# MRP - MacPhersons Resources



## System (10 January 2011)

Upon its ASX listing in Q4 2010, MRP will commence an aggressive exploration programme early in 2011. The Company's focus will be to test the highly prospective MacPhersons geological domain of which the Company holds 100% interest in 7 Km of strikelength, which includes the namesake MacPhersons Open Cut mine.

Scheduled works include airborne geophysical surveys and resumption of drilling starting in January 2011. Initial drilling will be centred on the testing of the depth extensions to the Bakers Find Open Cut and along strike to the Franks Find high grade historical drillhole intercepts located within 40m of the surface and 300m east of the Bakers Find pit. A second programme of drilling will commence between the Powell and A-Cap Open Cuts extending and possibly joining both the outcropping mineralisation in the A-Cap pit and the deep visible gold intersections in the 2010 due diligence diamond drilling.

http://www.macphersonsreward.com.au


----------



## mr. jeff (28 February 2011)

*Re: MRP - MacPhersons Reward Gold*

Just to add some info to this thread in the chase for up and coming gold stocks;





Announcement today noting that drilling is moving to Bakers after the self titled first pit.
Price action is suggesting that the blue sky has been removed from this stock and now they are drilling the less exciting areas. 

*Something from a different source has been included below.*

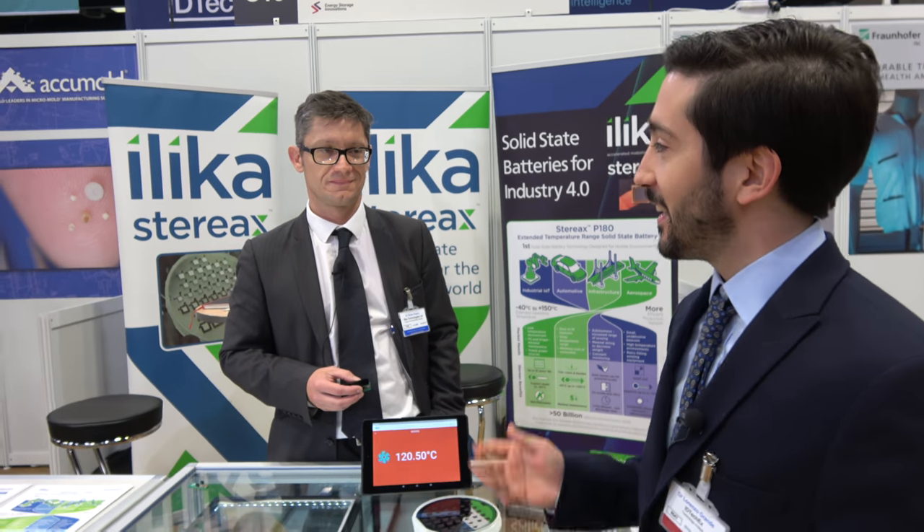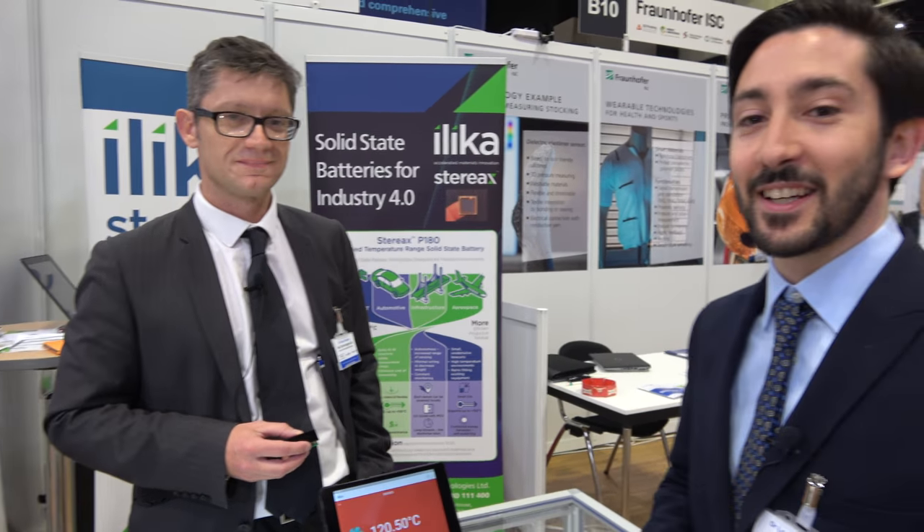Hello everyone, my name is Lorenzo Grande and I'm a technology analyst at IDTEC X. Today I'm here with Denis, who will tell us a bit about Ilica and their applications in the IoT industry.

From reading the reports it seems that there has not been historically conclusive drilling in any of these open pit areas - MRP management has spent much time obtaining these tenements meaning the drilling will not stop for a while yet -but it's worth noting that the first target - and most prospective it seems - has been drilled out with some results pending.

Total cap seems to be in the vicinity of 160M shares at current SP 0.35 giving $56M. IPO was at 0.30.



*Daily chart with months on grid lines.*


----------



## springhill (6 August 2012)

*Nimbus on track for Silver Superpit with Significant Resource Upgrade*
Highlights:
• Nimbus Resource upgrade to 2.8Mt @ 139g/t Ag-Eq* containing 12.5Moz Ag-Eq* Including 10.1Moz Silver (Ag), 34,300t Zn and credits for Au-Hg-Cu-Pb;
• 46% of Nimbus Resource now in Measured or Indicated categories;
• Preliminary Pit Optimisation studies range from $86 – $113M NPV and cash cost sub-$9/oz Ag
• Initial exploration target exceeded by more than 200%; and
• Coolgardie and Boorara Gold Resource increased by more than 50% to 297,000oz Au.

Less than 11 months after its acquisition, Kalgoorlie silver developer MacPhersons Resources Ltd (ASX:MRP) is pleased to announce it has taken its 100 per cent owned Nimbus Silver Project from zero resource to 2.8Mt @ 139g/t Ag-Eq* containing 12.5Moz Ag-Eq*. The Resource includes 10.1Moz silver (Ag), 34,300t zinc (Zn) and credits for gold (Au), mercury (Hg), copper (Cu) and lead (Pb).

This latest upgrade is more than double the 6Moz exploration target the Company set after it acquired the project in September 2011. It has only been modelled down to 260m below surface and is open at depth. And does not include other silver deposits already identified within the tenement group.

The current model includes drilling only to 03 June 2012, although the company has maintained continuous drilling since that time with 3 rigs concurrently utilized.

MacPhersons continues to post positive results from its gold projects at Coolgardie and Boorara. The MacPhersons' gold Resource has increased by more than 50% to 297,000oz Au in the Measured, Indicated and Inferred categories.


----------



## greggles (26 July 2018)

A bottom of 7c might be in for MacPhersons Resources after they announced this morning that Reverse  Circulation drilling results from the Boorara Gold Project near Kalgoorlie have intersected significant gold mineralisation.

Highlights include:





Very nice gold hits and welcome news for MRP after almost a year and a half of steady share price decline. From a high of 30c in March 2017 it has fallen to a low of 7c in May and then again in June in what is now looking like a double bottom.

Today, the share price is up 20.55% to 8.8c with an intraday high of 9.5c.


----------



## System (18 June 2019)

On June 17th, 2019, MacPhersons Resources Limited (MRP) was removed from the ASX's Official List in accordance with Listing Rule 17.11, following implementation of the scheme of arrangement with Intermin Resources Limited (IRC) on Friday June 14th, 2019.


----------